4. To configure MySQL
because canal It's through subscribe MySQL Of binlog To achieve data synchronization , So we need to turn on MySQL Of binlog Write function , And set up binlog-format by ROW Pattern ,
my MySQL It's running in Alibaba cloud Docker Medium , And do the mount , So modify the external my.cnf File can , Add the following configuration
[mysqld]
## Set up server_id, You need to be unique in the same LAN
server_id=101
## Specify the name of the database that does not need to be synchronized
binlog-ignore-db=mysql
## Turn on binary log function
log-bin=mall-mysql-bin
## Set the memory size of binary log ( Business )
binlog_cache_size=1M
## Set the binary log format to use (mixed,statement,row)
binlog_format=row
## Binary log expiration cleanup time . The default value is 0, Does not automatically clean up .
expire_logs_days=7
## Skip all errors encountered in master-slave replication or errors of the specified type , avoid slave End copy interrupt .
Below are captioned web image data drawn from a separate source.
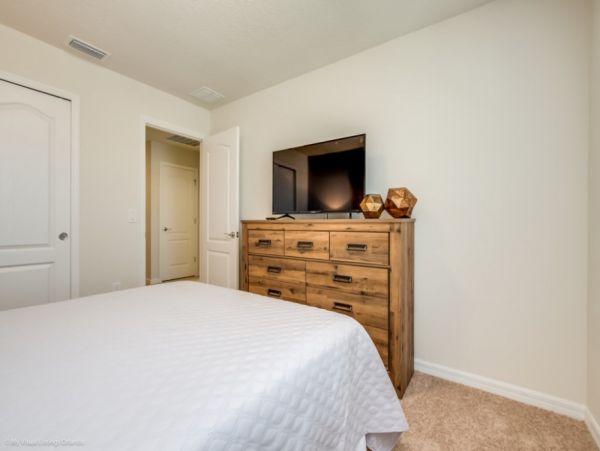 Orlando Home 977469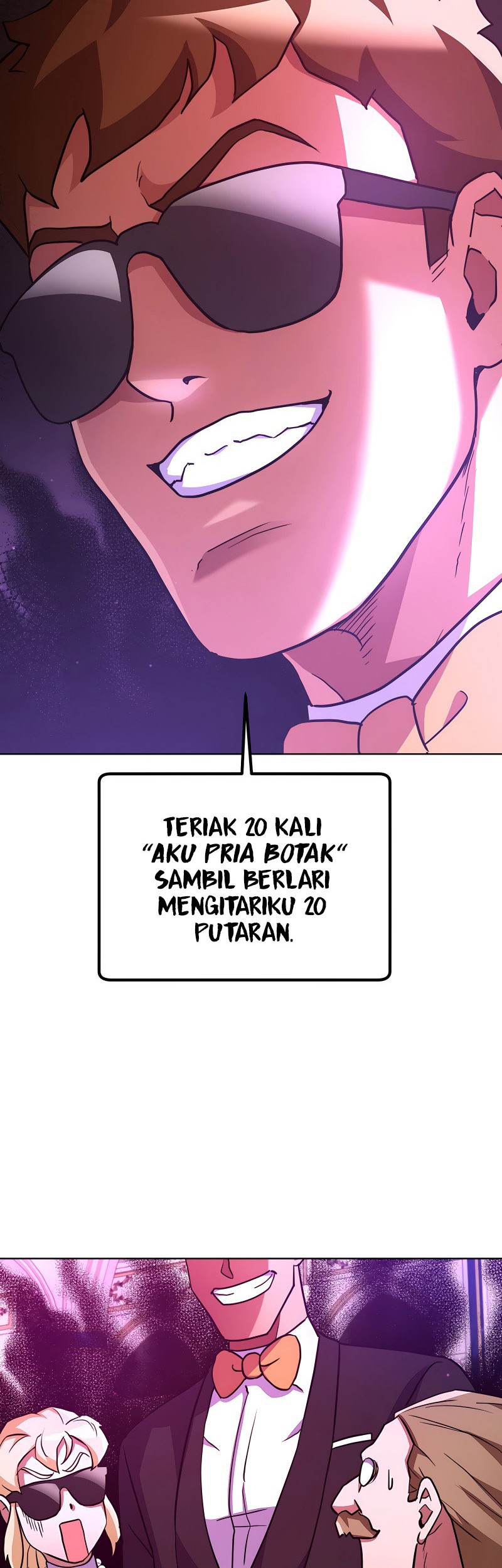 Halaman 44 dari 63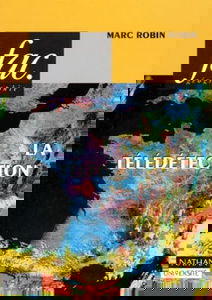 Statistique appliquée à la géographie : représentations graphiques, sources et méthodes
## Such as :1062 An error is a duplicate of some primary keys ,1032 The error is because the master-slave database data is inconsistent
slave_skip_errors=1062
After the configuration is completed, you need to restart MySQL, After restart, use the following command to check binlog Is it enabled?
command
# see binlog Is it enabled?
show variables like '%log_bin%';
# Look at the MySQL Of binlog Pattern ;
show variables like 'binlog_format%';

Next, you need to create an account with permissions from the database , To subscribe to binlog, The account created here is
canal:canal
CREATE USER canal IDENTIFIED BY 'canal';
GRANT SELECT, REPLICATION SLAVE, REPLICATION CLIENT ON *.* TO 'canal'@'%';
FLUSH PRIVILEGES;
Create a database for testing bookstore, Then create a table book,
create table book(
id int(32) auto_increment primary key,
book_name varchar(32),
price double,
introduce varchar(2048),
press varchar(32),
author varchar(32),
publish_date DATE
)
5. To configure canal-server
Upload our canal.deployer-1.1.5-SNAPSHOT.tar.gz Extract to the specified directory
tar -zxvf canal.deployer-1.1.5-SNAPSHOT.tar.gz -C / Specify the path
Unzipped directory
├── bin
│ ├── restart.sh
│ ├── startup.bat
│ ├── startup.sh
│ └── stop.sh
├── conf
│ ├── canal_local.properties
│ ├── canal.properties
│ └── example
│ └── instance.properties
├── lib
├── logs
│ ├── canal
│ │ └── canal.log
│ └── example
│ ├── example.log
│ └── example.log
└── plugin
Modify the configuration
Modify the configuration file conf/example/instance.properties, You can configure it as follows , It is mainly to modify the database configuration ;
# Need to synchronize data MySQL Address
canal.instance.master.address=ip Address :3306
canal.instance.master.journal.name=
canal.instance.master.position=
canal.instance.master.timestamp=
canal.instance.master.gtid=
# The account data is used to synchronize the database
canal.instance.dbUsername=canal
# Database password used to synchronize data
canal.instance.dbPassword=canal
# Database connection code
canal.instance.connectionCharset = UTF-8
# Need to subscribe to binlog Filter table of regular expressions
canal.instance.filter.regex=.*\\..*
Modify operation parameters
because canal The default operation requires a large amount of memory , Let's revise it here ( This step is very important )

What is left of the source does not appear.